START GIVEN INFORMATION

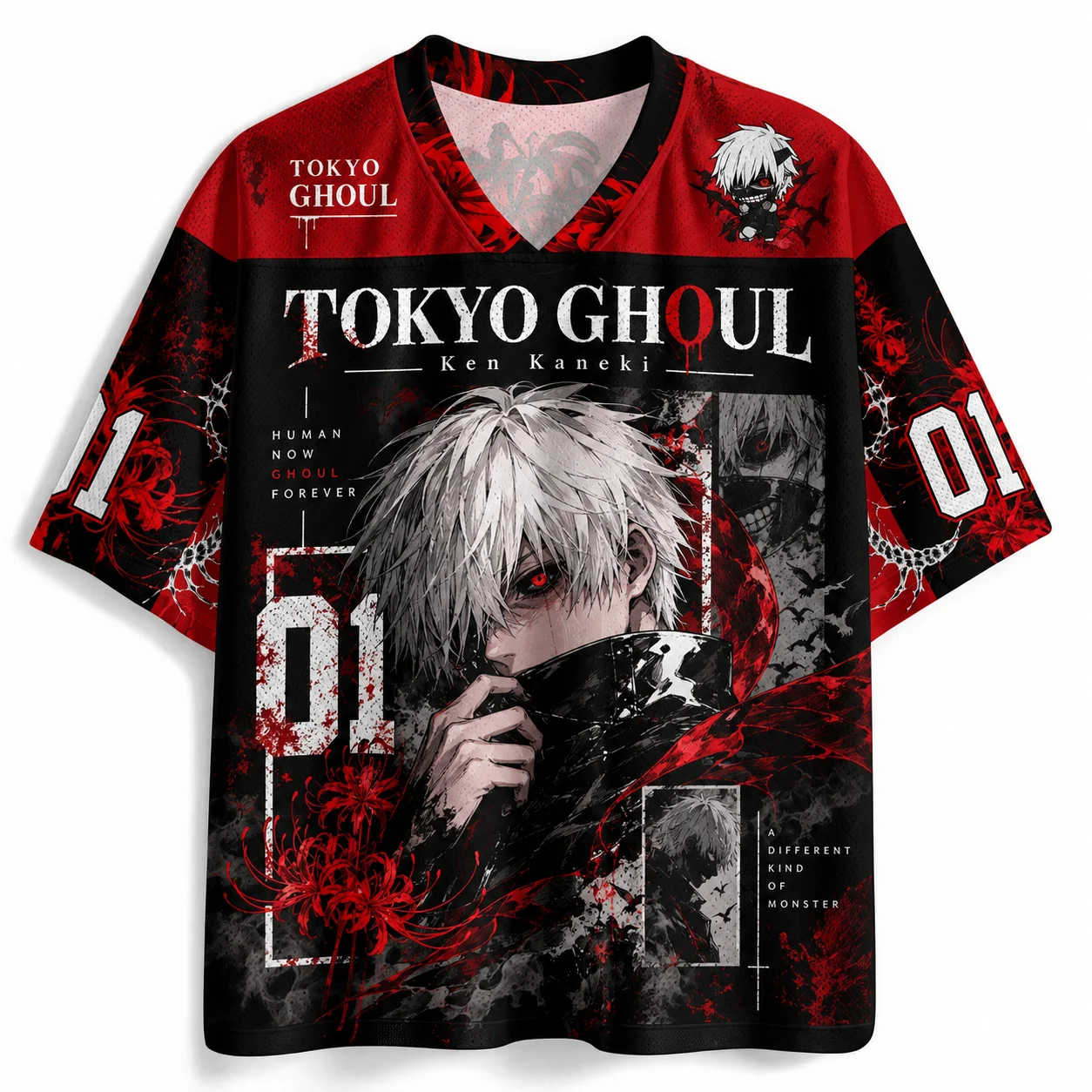 Trendy Anime Theme Graphic Print V Neck Shirt Unisex Football Jersey Fashion Graphic Tee For Weekend Casual Hip Hop Outfit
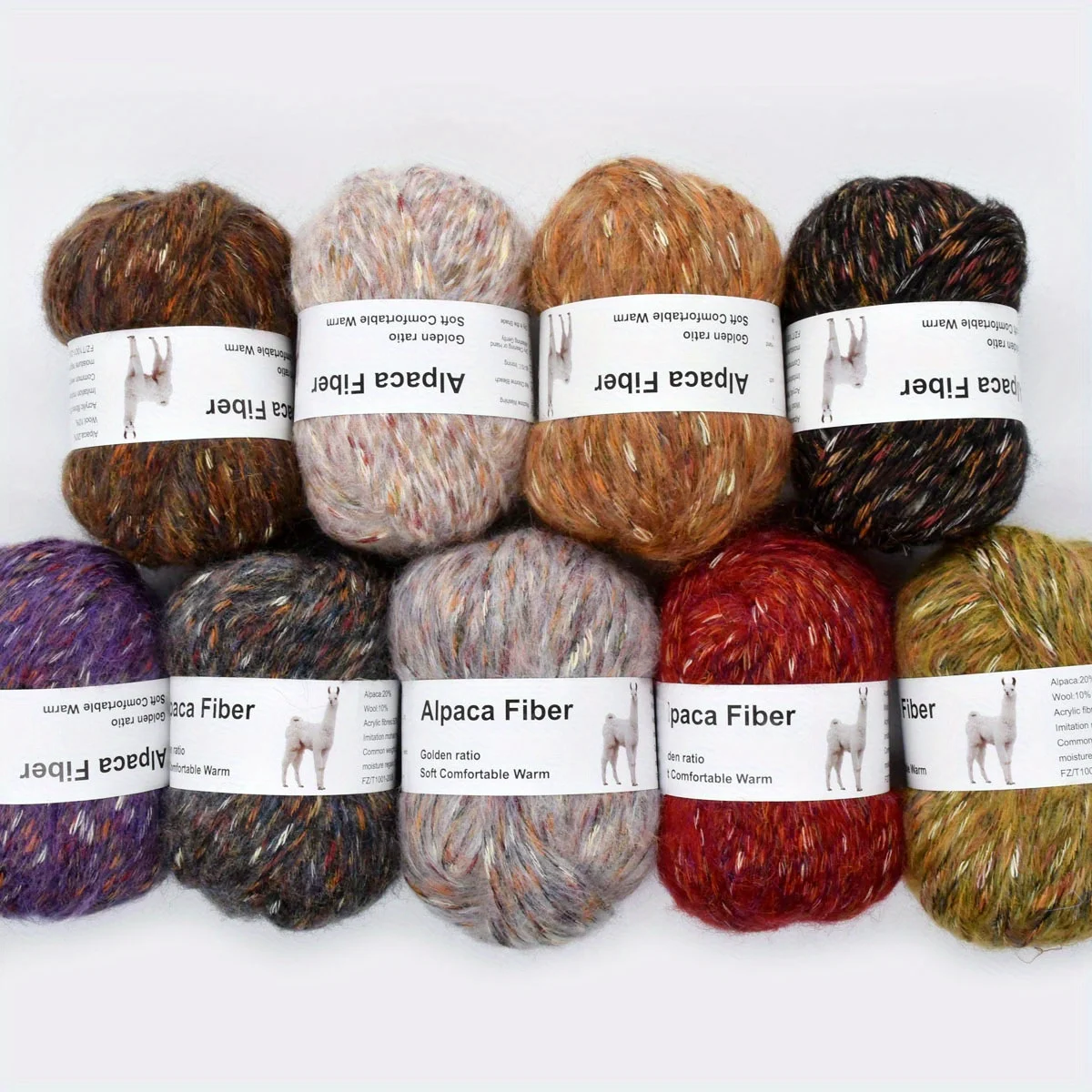 6 Stück Alpaka-Wollgarn zum Handstricken, Schal, Mantel, geflochtenes Stricken, Nähzubehör, DIY, buntes Wollgarn, Häkeln, 1,76 Unzen/Stück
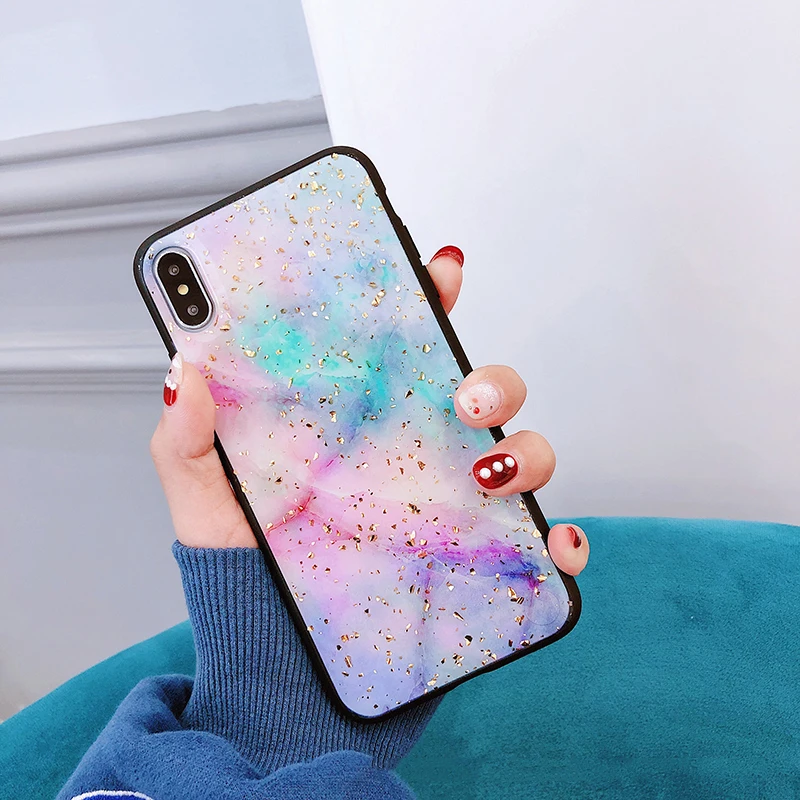 GlamPhoneCase цветной мраморный плед Золотая фольга Чехол для iPhone XS Max XR 8 plus 7 6/6 S плюс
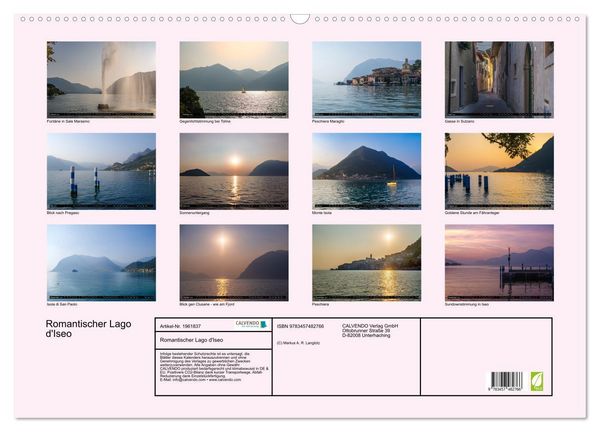 Produktbild: Romantischer Lago d'Iseo (Wandkalender 2026 DIN A2 quer), CALVENDO Monatskalender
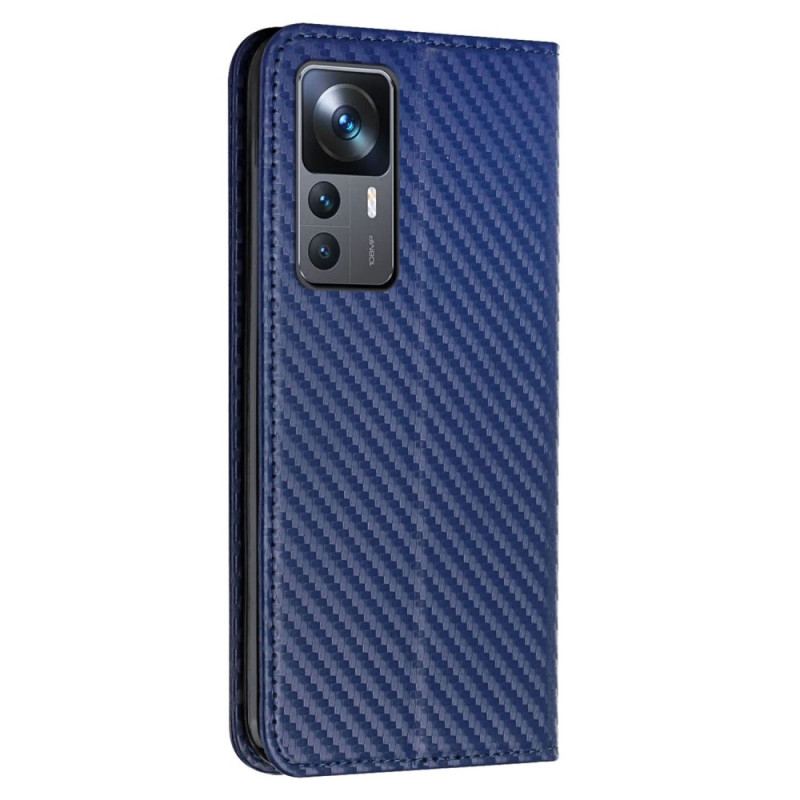 Flip Cover Xiaomi 12T / 12T Pro Fibre Carbone avec Lanière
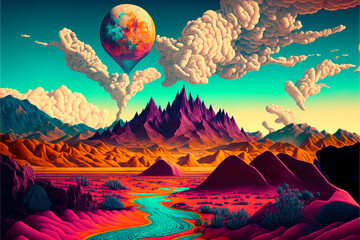 DMT art, dimethyltryptamine, psychedelic wallpaper, Generative AI.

END GIVEN INFORMATION

BRIEF =
Set down every record exactly, without the pictures.

REPLY TO THE TASK =
 Trendy Anime Theme Graphic Print V Neck Shirt Unisex Football Jersey Fashion Graphic Tee For Weekend Casual Hip Hop Outfit
 6 Stück Alpaka-Wollgarn zum Handstricken, Schal, Mantel, geflochtenes Stricken, Nähzubehör, DIY, buntes Wollgarn, Häkeln, 1,76 Unzen/Stück
 GlamPhoneCase цветной мраморный плед Золотая фольга Чехол для iPhone XS Max XR 8 plus 7 6/6 S плюс
 Produktbild: Romantischer Lago d'Iseo (Wandkalender 2026 DIN A2 quer), CALVENDO Monatskalender
 Flip Cover Xiaomi 12T / 12T Pro Fibre Carbone avec Lanière
 DMT art, dimethyltryptamine, psychedelic wallpaper, Generative AI.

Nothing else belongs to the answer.